I’m going to Japan for my honeymoon this summer, so you’ll start seeing more Japanese cinema cropping up! Also will likely take a small newsletter break in July/August.
News:
Kristen Stewart and Oscar Isaac are starring in an LA-set ‘80’s vampire thriller from the director of Mandy. AAAAHHH!
The date has been pushed and pushed, but My Favorite Thing Is Monsters: Book Two will finally be available this year. The first comic features incredible drawings in pen with a lovely horror/historical fiction story.
Lost Brothers Grimm tales were recently unearthed.
Watched:
I Spit On Your Grave (1978) 3/5
Watched on Tubi
Notoriously difficult-to-stomach, but I still watched with a slice of freshly baked banana bread.1
A young woman rents a house upstate for the summer to quietly write her novel. After an intellectually-disabled man delivers her groceries, his three friends come together to violently rape her during three back-to-back occasions on his behalf.
Following a failed attempt to kill her, she physically heals and then murders the men one by one, taking advantage of their misogynist nature that convince them she liked it.
Although the assault scenes are long, I found them to be tedious in order to pad the runtime, not necessarily to continue subjecting the audience to the brutality.
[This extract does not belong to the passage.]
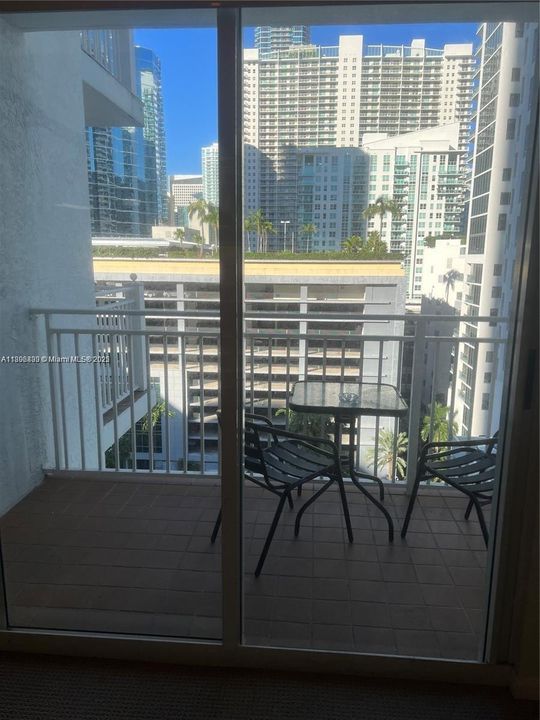 For Rent: $2,500 (1 beds, 1 baths, 640 Square Feet)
I also really liked how easily she was able to manipulate these men; if listening to classical music while a terrible man bleeds to death out of his balls isn’t nice, I don’t know what is.
12 Hour Shift (2020) 4/5
Watched on Hulu
Sometimes billed as a horror movie, but more of a dark comedy. Stars Angela Bettis from May!!! This idiot caper takes place over the course of one nurse’s shift, as the dead body parts continue to pile up. Fun!
Lady Snowblood (1973) 4.5/5
Rented from the Library
I rewatched Kill Bill, so it was time to check out the Tarantino flick’s biggest influence. A revenge film with incredible style including delicious cinematography, creative kills, and The Most Beautiful Color Blood, this movie absolutely fucks.
Oculus (2013) 3/5
Rented from the Library
Loserass siblings couldn’t defeat a mirror. While I understand the movie wouldn’t exist without the lead’s tenacity to avenge her parents by proving the mirror’s evil, I found it frustrating that she didn’t just let the switch kill it.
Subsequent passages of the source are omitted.